El bar Molina se mantuvo más años. Tenía, además de la cafetería en el bajo, un comedor en el primer piso. Pero, una vez que su dueño envejeció y dejó su administración, el local fue cayendo en manos cada vez menos profesionales y eficaces, incapaces de mantener el prestigio habido. Fue degradándose poco a poco y yo perdí su imagen. Ya no atraía a nadie y apenas nadie entraba en el mismo.
Tal quedó fuera de mi visión el lugar que no me fijé, hasta hace unos días, que el bar ya no existía y que todo el edificio había sufrido una alteración sustancial en su funcionalidad. Quedará un edificio residencial, de viviendas o apartamentos, pero nada más. El bar Molina ha fallecido definitivamente.
Y me viene todo un torbellino de recuerdos. El bar Molina era donde solían pasar las tardes mi padre (cuando no trabajaba) y algunos de sus colegas. Allí quedaban. Allí vegetaban, dormitaban, murmuraban e intercambiaban noticias y chismes. Si quería buscar a mi padre, casi sin duda lo era allí. También en fiestas y días de renombre acudía mi padre con mi madre y con los amigos y parientas, a pasar la velada, tomar unas cervezas (que acá siempre eran botellines a los que se le decía biscúter) o concentrarse…
Lo de la concentración tiene su explicación.
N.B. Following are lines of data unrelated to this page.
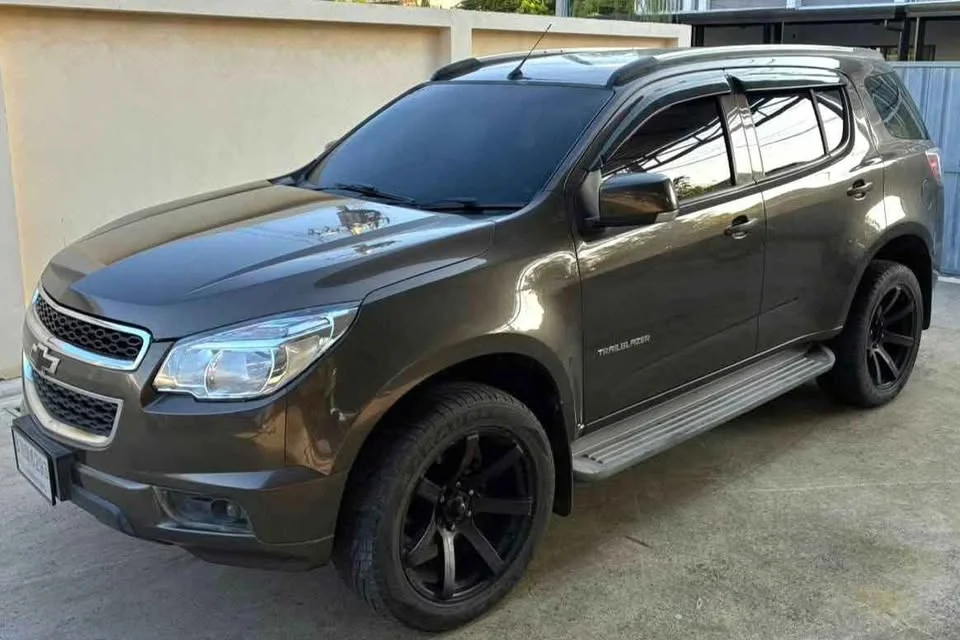 2013 Chevrolet TrailBlazer II 3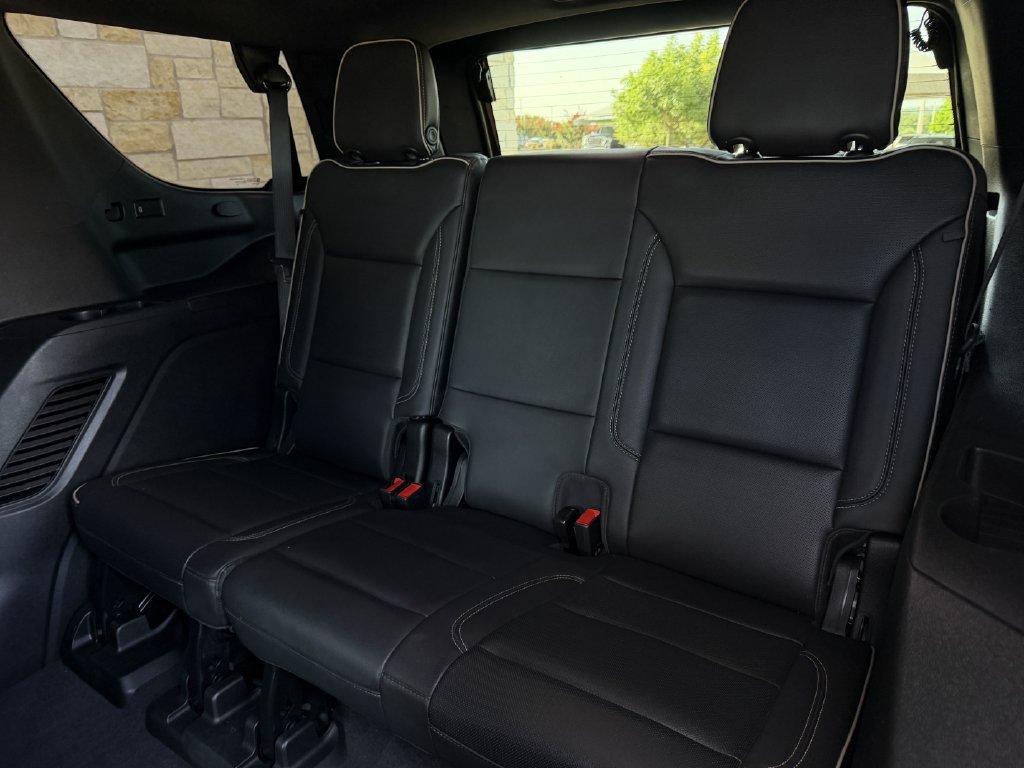 Used 2021 GMC Yukon SLT w/ SLT Luxury Plus Package AWD/4WD image 28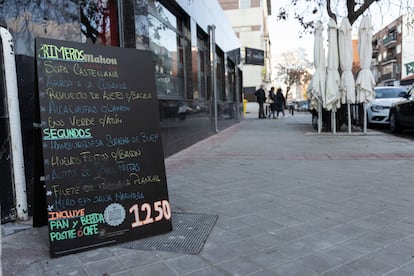 En la foto, la pizarra del menú del restaurante Tómate el placer, en el polígono de Julián Camarillo, en el este de Madrid. Conocido popularmente como el Tomate, está regentado desde hace nueve años por Jorge Chen, de 35 años. "Servimos comida española, la cocinera es española, los camareros, españoles o de origen latino, aquí lo único chino somos mi pareja y yo", aclara Chen, nacido en España.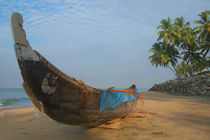 Boat and Palms on Black Beach Varkala von serenityphotography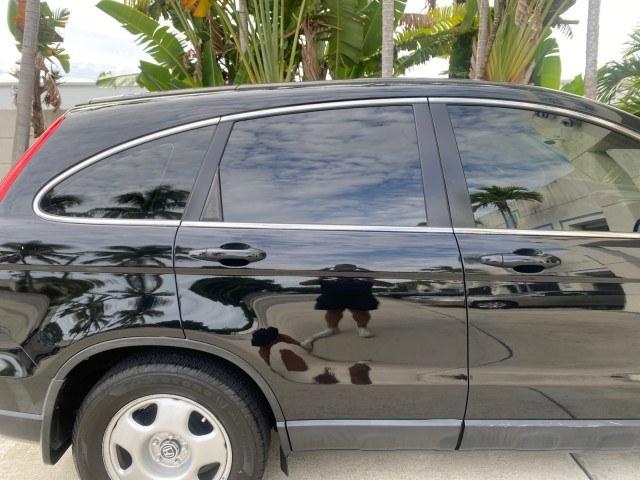 2007 Nighthawk Black Pearl /Ivory Honda CR-V LX LOW MILES 74,639 (JHLRE38377C) with an 2.4L 4-Cyl Engine engine, Automatic transmission, located at 4701 North Dixie Hwy, Pompano Beach, FL, 33064, (954) 422-2889, 26.240938, -80.123474 - OUR WEBPAGE FLORIDACARS1.COM HAS OVER 100 PHOTOS AND FREE CARFAX LINK 2007 Honda CR-V LX 4 Door Wagon/Sport Utility 2.4L I4 F DOHC 16V Gasoline 30 MPG Front Wheel Drive Features ABS Brakes Air Conditioning AM/FM Stereo Automatic Transmission Auxiliary Audio Input CD Audio Cloth Seats Cruise Control- Photo#89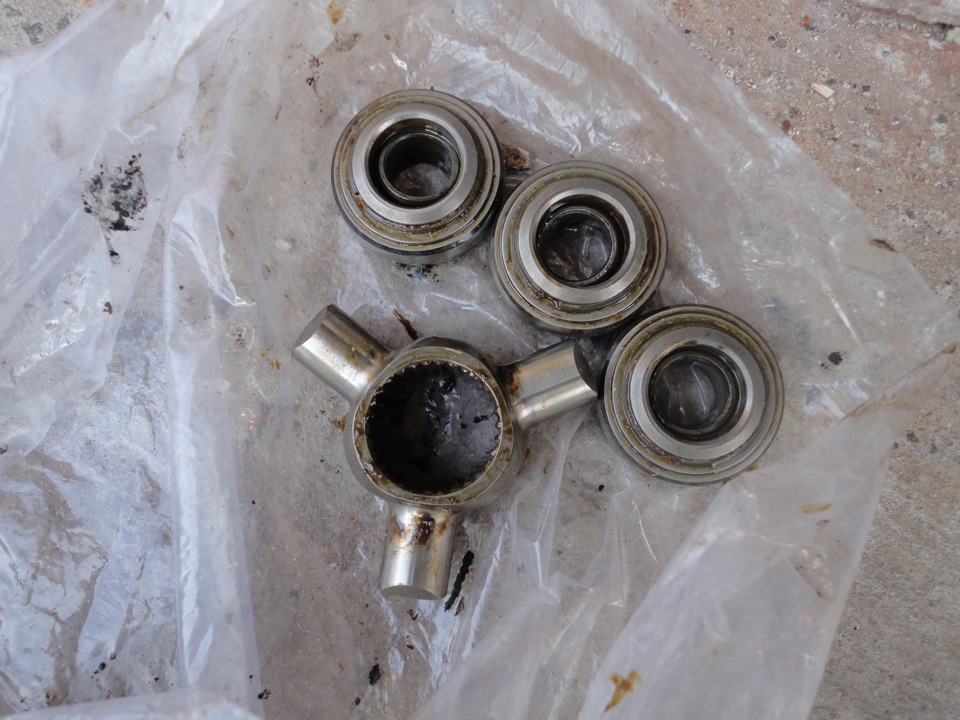 Оригинальный трипод — Honda Civic Hatchback (5G)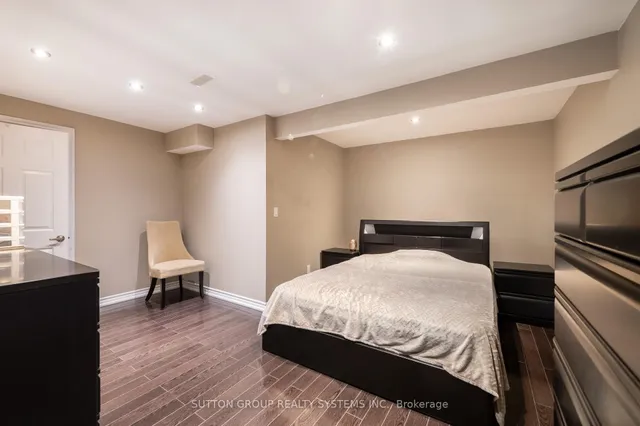 Additional image 38 of 925 Dice Way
Cuando los elementos de Cruz Roja local tenían que reunirse para algún acto oficial (Fiesta de la Banderita por feria o Día de la Patrona por diciembre) podía la oficialidad esperarse tomando un café; cuando la Banda de Música había de agruparse para hacer un pasacalles o dar un concierto en la misma plaza, sin duda allí en el bar Molina aparcaban sus instrumentos, mientras se tomaban el biscúter. Así que ahí, en sus veladores y barra, se reunían parte de las fuerzas vivas de la localidad.
Uno de los recuerdos más emocionantes para mi padre fue el siguiente, que nos contaba de vez en cuando: estaban la plana mayor de la banda de música (a la sazón su director Emilio Sánchez Plaza, Miguel Fernández, más conocido como “Miguelón”, el bombo, mi padre, el caja, y alguno más) sentados en los veladores de entrada del Molina, para tiempo del Día de San Miguel, y se habían tomado la molestia los munícipes en contratar a la banda militar del Regimiento Córdoba 10 de Granada, y pasaban los milicos muy puestos en formación, con sus marchas a todo trapo y su paso marcial; que tal se iban por la plaza dicha, vía Rastro, cuando se dieron cuenta de la presencia de los civiles músicos tan repanchingados en su mesa; y, ni corto ni perezoso, frenó la carga el oficial director, mandó «¡Derecha, ar!» y saludó con mucha cortesía y militarmente al director Sánchez Plaza y su compañía. Como hombre educado, don Emilio se levantó y apretó la mano del oficial (y con él los otros); y, acto seguido, la banda militar atacó uno de sus pasodobles más lucidos en homenaje a los músicos locales.
Son anécdotas tal vez leves, sin importancia ni relieve alguno, que no modificaron ni modificarán la vida ni la historia de nuestra localidad; pero que, a veces, sí influyen, formando un nudo de recuerdos con los que las personas pueden hacer más llevadera su existencia; recuerdos particularmente agradables, que valen a una humilde persona toda una justificación de su existencia.
Cosas como esas y a otras gentes les habrán proporcionado su estancia en el café-bar Molina. Recuerdos de citas, de reuniones, de soledades… Ahora se dice que el Comercial de Madrid ha caído. Todo un símbolo de los tiempos que corren… Acá, en Úbeda, cayó también el bar Tera sin que nadie lo remediara (allá quedó la sombra de don Manuel Martínez, el médico que todos los días paraba en su velador de mármol…). Y todo lo que un día fue quedará también en sombra.
Ahora se llevan los llamados gastrobares, un invento de la modernidad pasmosa.